Vendor and Hyperscaler Opportunities
Expect demand for 5G densification, RAN energy savings, transport upgrades, and software-driven operations to sustain, even as CapEx efficiency tightens. Fiber co-investment and wholesale models in Spain will evolve as legacy contracts roll off; align offers to cash-conversion metrics and currency risk management.
Investor and Wholesale Considerations
Key sensitivities include the cadence of tax refunds and litigation proceeds, Germany’s EBITDA stabilization, and Spanish wholesale transitions. Dividend sustainability is anchored in EBITDA-CapEx growth and working-capital discipline; monitor FX trends and any incremental asset monetization.
Key Watchlist for the Next Two Quarters
Execution against these milestones will determine whether Telefónica converts network leadership into stronger free cash flow and stable returns.

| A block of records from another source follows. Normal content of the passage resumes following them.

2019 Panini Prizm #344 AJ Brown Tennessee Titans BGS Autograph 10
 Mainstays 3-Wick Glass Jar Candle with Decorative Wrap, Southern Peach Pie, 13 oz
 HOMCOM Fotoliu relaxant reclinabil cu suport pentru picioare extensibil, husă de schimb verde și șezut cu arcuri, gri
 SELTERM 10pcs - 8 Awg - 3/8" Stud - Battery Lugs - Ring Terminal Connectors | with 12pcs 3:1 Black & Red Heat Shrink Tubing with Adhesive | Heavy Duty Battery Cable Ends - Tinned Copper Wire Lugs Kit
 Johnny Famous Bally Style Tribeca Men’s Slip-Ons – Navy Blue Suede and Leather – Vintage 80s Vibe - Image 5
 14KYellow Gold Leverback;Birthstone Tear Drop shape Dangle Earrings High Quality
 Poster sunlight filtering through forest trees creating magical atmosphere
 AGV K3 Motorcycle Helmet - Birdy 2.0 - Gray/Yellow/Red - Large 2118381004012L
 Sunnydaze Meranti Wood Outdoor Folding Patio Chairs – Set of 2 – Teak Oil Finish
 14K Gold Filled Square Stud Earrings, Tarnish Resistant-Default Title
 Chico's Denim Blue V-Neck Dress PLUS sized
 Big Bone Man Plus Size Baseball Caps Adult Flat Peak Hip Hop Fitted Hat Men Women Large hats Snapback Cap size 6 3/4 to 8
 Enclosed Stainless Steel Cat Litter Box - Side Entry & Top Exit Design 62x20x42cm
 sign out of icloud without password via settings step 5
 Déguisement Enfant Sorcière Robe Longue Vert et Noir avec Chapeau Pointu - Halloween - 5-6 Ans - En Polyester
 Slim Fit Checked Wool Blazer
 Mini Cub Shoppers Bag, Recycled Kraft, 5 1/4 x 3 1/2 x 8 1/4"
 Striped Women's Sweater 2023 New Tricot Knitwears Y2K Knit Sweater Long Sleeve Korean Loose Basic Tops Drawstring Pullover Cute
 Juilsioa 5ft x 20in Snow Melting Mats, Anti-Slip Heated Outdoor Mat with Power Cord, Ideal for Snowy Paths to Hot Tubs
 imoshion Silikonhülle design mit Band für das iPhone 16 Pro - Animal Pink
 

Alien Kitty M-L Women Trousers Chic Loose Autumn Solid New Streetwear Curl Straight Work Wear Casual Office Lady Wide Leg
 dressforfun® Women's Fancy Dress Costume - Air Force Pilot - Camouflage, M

Operational KPIs: Net Adds, Churn, ARPU, EBITDA
Net adds and churn in Spain and Brazil, ARPU trends and migration completion in Germany, and group-level EBITDA trajectory versus guidance.
Cash Flow Drivers and Net Debt
Working capital contribution, timing of Spanish tax refunds, Millicom-related inflows, CapEx phasing, and net debt evolution.
Network Milestones: 5G Coverage, FTTH Passings, Enterprise 5G Wins
Progress toward 5G coverage expansion beyond 78%, incremental FTTH passings and connections, and tangible enterprise 5G wins that signal monetization beyond coverage.